Therefore, with his objection, Peter Ratkos made a double error.  First of all, he made the unfounded accusation that I fabricated names and secondly, in spite of the accuracy of given sources, he had no idea that the contemporary notes preserved the name Izaias in the form of Canizauci.   It is a fact that the reading of the name Izaias is my interpretation but, just because of that, it cannot be regarded as a fabricated name but rather as decipherment. 

 

4. The well-known chorepiscopatus of the Avar Province

                                              (833-904)

 

Peter Ratkos calls the chorepiscopatus (diocese) of the Avar Province just a theory.  He presents to the reader that Bishop Pilgrim of Passau (971-991) held the document of Pope Eugene II. (824-827) to be a forgery and that I dared to base all my statements about the working diocese of the Avar Province on this document.

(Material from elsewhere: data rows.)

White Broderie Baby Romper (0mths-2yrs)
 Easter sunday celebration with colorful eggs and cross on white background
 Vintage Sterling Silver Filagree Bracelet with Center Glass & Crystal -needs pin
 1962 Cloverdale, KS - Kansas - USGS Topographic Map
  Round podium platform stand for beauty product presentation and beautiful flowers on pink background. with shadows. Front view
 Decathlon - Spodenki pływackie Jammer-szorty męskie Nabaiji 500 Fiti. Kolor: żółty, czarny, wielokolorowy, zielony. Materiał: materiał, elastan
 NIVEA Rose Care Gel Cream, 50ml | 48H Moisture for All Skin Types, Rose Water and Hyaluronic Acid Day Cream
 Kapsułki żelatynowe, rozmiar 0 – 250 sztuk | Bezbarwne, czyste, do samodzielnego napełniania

He ignores the fact that, apart from one doubtful document in the name of Pope Eugene II., there were two contemporary credible documents sent out from the Assistant Bishop Anno the senior, in the name of the Bishop of Passau, in the Avar Province, which give indisputable proofs:    

1.                        There is the document dated March 4, 833 at Osterhofen, from which we learn that Reginarius, the Bishop of Passau, received a property on consignment from Ludwig the German in the a place called Litaha, above the spring of Sconibrunno (Schőnbrunn) in the Avar Province.  He could not occupy this property until after the death of Assistant Bishop Anno and his cousin, the other Anno.72

2.                        Again in Osterhofen, three years later, there is a document, which indicates that on February 16, 836, Ludwig the German gave another property to Assistant Bishop Anno.  This one was next to the former property of Litaha (in the east), a place called Kirchbach with about one hundred dwellings.73  We shall talk of the location of the two possessions in Point No. 5 which follows. 

Therefore, it is without a doubt that Assistant Bishop Anno the Elder was the acting Assistant Bishop of the Avar Province in the first half of the 9th century.  The other, or Anno the Younger, was identical to that Anno, who was the Bishop of Freising between 854 and 875. 

Following Anno, in the territory of the Avar Province, we meet Assistant Bishop Albericus.  He also received, as a gift from Ludwig the German, ten dwellings in Ostermieting, on September 24, 859.74

From a letter of Bishop Burchardus of Passau, dated September 8, 904, we learn that the Assistant Bishop Madalwin gave all his former possessions to the Bishop, from whom he received new property behind the Comagenus Mountain, that is east of the Vienna Woods, in the Avar Province.75  The Diocese of Passau sent a representative of the rank of bishop to Pannonia, that is the former Avar Province, which the Magyars occupied in AD. 900!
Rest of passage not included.